The 2018 tournament went to Russia and the 2022 tournament to Qatar. Both were seen as surprise choices but Ali said he was not surprised to see Qatar chosen over the United States, Japan, South Korea and Australia, which had been seen as "safer" choices.
"I am sure there are concerns, but what has been done has been done and now what we have to do is make sure it (the World Cup) is a success," Prince Ali said.
Ali said he supported calls to move the 2022 tournament in Qatar to the cooler month of January to allow matches to be played in Bahrain, the United Arab Emirates and possibly Saudi Arabia.
"I think they have to incorporate the people of the region," he said. "Also, in terms of capacity they will have to reach out to some of the neighboring countries to help with people coming from outside who want to experience this event."
The 34-year-old prince is attempting to become the youngest member of the FIFA executive committee, succeeding South Korea's Dr Chung Mong-joon.
Ali said he was committed to restoring FIFA's image, which had been tarnished by perceptions of corruption.
"At the moment I am looking from the outside, as is everyone else," he said. "But I do believe people like myself need to get into this organization because we have reputations and backgrounds that hopefully will help ensure that if are these issues there will be less and less of it.
"We have to bring back the reputation of this organization to where it should be. That's why i want to get in there.
"We want people who you know for sure will not be part of issues like that."
Ali said he did not want FIFA decisions to be made behind closed doors.
"The next four years are crucial for FIFA in light of everything that has gone on," he said.

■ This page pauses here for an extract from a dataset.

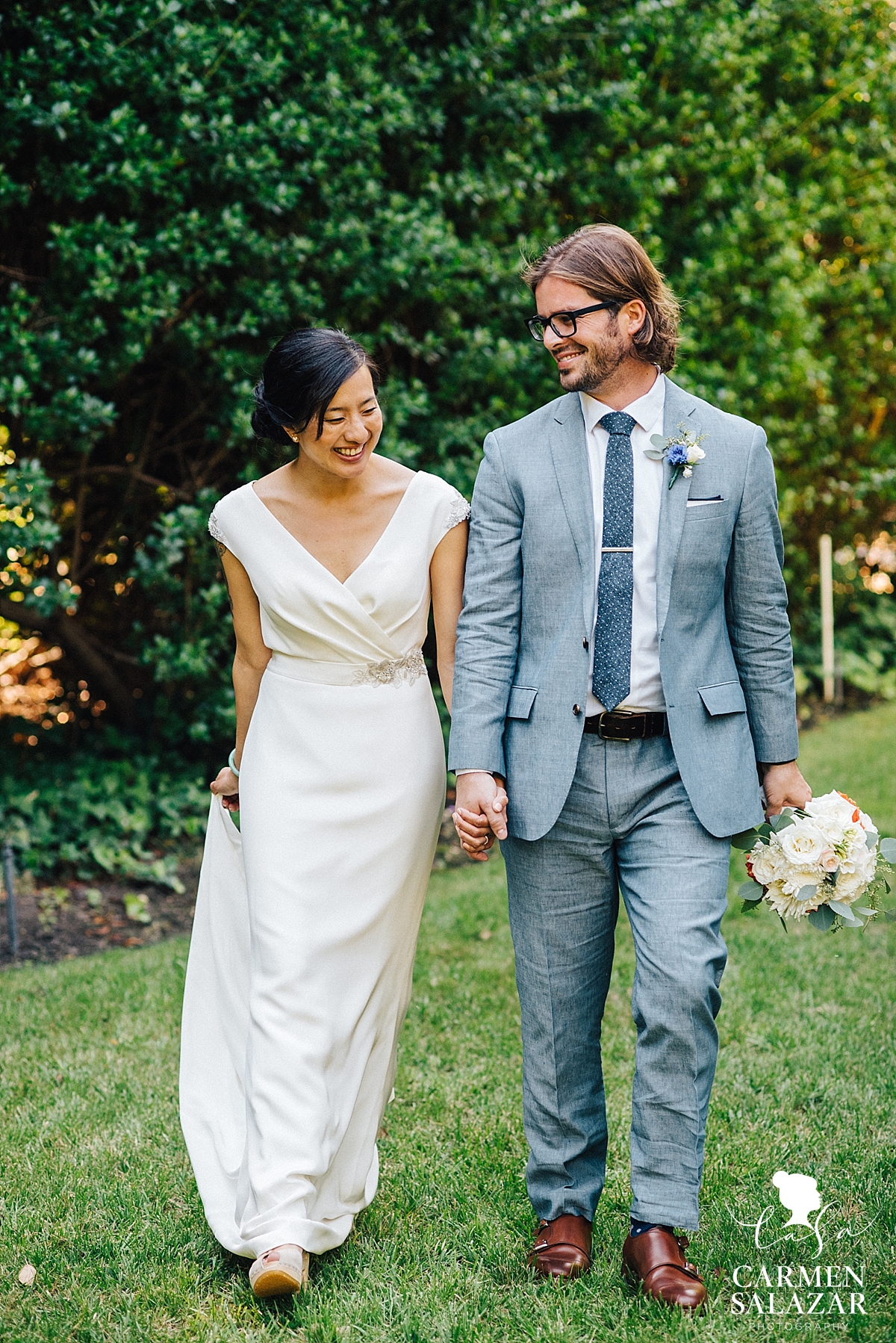 Sweet Bay area bride and groom at reception - Carmen Salazar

Ali said he empathised with Australians whose bid to host the 2022 World Cup received only one vote among 22 executive committee members when venues for the 2018 and 2022 tournaments were decided in Zurich two weeks ago.
"I think (Qatar) invested a lot in this and it looked like they had a good chance," he said. "I do believe every single FIFA national association should have the right to host the World Cup, regardless of size, if they have the means and capabilities to do so."